-1

I imported the csv file that I want to use in r. Here, I am trying to call one of the columns from the csv file. This column has a list of urls titled "URLs". Then, I want the code which I have to scrap data from each url. In short, I want to use more efficient way than listing all the urls in c() function since I have about 200 links.

https://www.nytimes.com/2018/04/07/health/health-care-mergers-doctors.html?rref=collection%2Fsectioncollection%2Fhealth https://www.nytimes.com/2018/04/11/well/move/why-exercise-alone-may-not-be-the-key-to-weight-loss.html?rref=collection%2Fsectioncollection%2Fhealth https://www.nytimes.com/2018/04/07/health/antidepressants-withdrawal-prozac-cymbalta.html?rref=collection%2Fsectioncollection%2Fhealth https://www.nytimes.com/2018/04/09/well/why-you-should-get-the-new-shingles-vaccine.html?rref=collection%2Fsectioncollection%2Fhealth https://www.nytimes.com/2018/04/09/health/fda-essure-bayer-contraceptive-implant.html?rref=collection%2Fsectioncollection%2Fhealth https://www.nytimes.com/2018/04/09/health/hot-pepper-thunderclap-headaches.html?rref=collection%2Fsectioncollection%2Fhealth

The error appears when running this: article <- links %>% map(read_html).

It gives me this message:

(Error in UseMethod("read_xml") : 
no applicable method for 'read_xml' applied to an object of class "factor")

Here is the code:

setwd("C:/Users/Majed/Desktop")

d <- read.csv("NYT.csv")

d

links<- d$URLs

article <- links %>% map(read_html)

title <-
  article %>% map_chr(. %>% html_node("title") %>% html_text())

content <-
  article %>% map_chr(. %>% html_nodes(".story-body-text") %>% html_text() %>% paste(., collapse = ""))

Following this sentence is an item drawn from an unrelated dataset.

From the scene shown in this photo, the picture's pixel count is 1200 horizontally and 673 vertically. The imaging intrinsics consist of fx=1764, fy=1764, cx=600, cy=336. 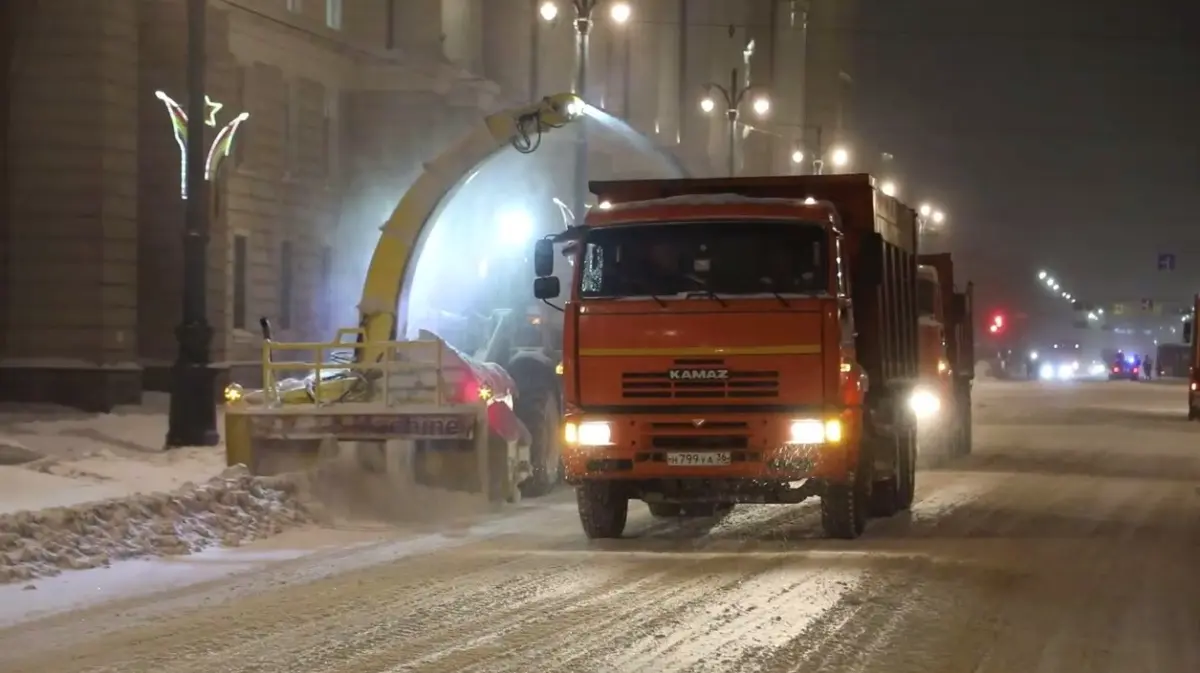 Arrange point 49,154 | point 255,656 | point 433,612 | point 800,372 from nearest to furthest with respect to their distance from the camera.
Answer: point 255,656 → point 433,612 → point 800,372 → point 49,154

article_table <- data.frame("Title" = title, "Content" = content)

1 Answers1

1

Pay attention to the meaning of your error message: read_html expects a character string, but you're giving it a factor. read.csv converts strings to factors, unless you include the argument stringsAsFactors = F. read_csv from readr is a good alternative if you, like me, forget that you don't want strings automatically turned into factors.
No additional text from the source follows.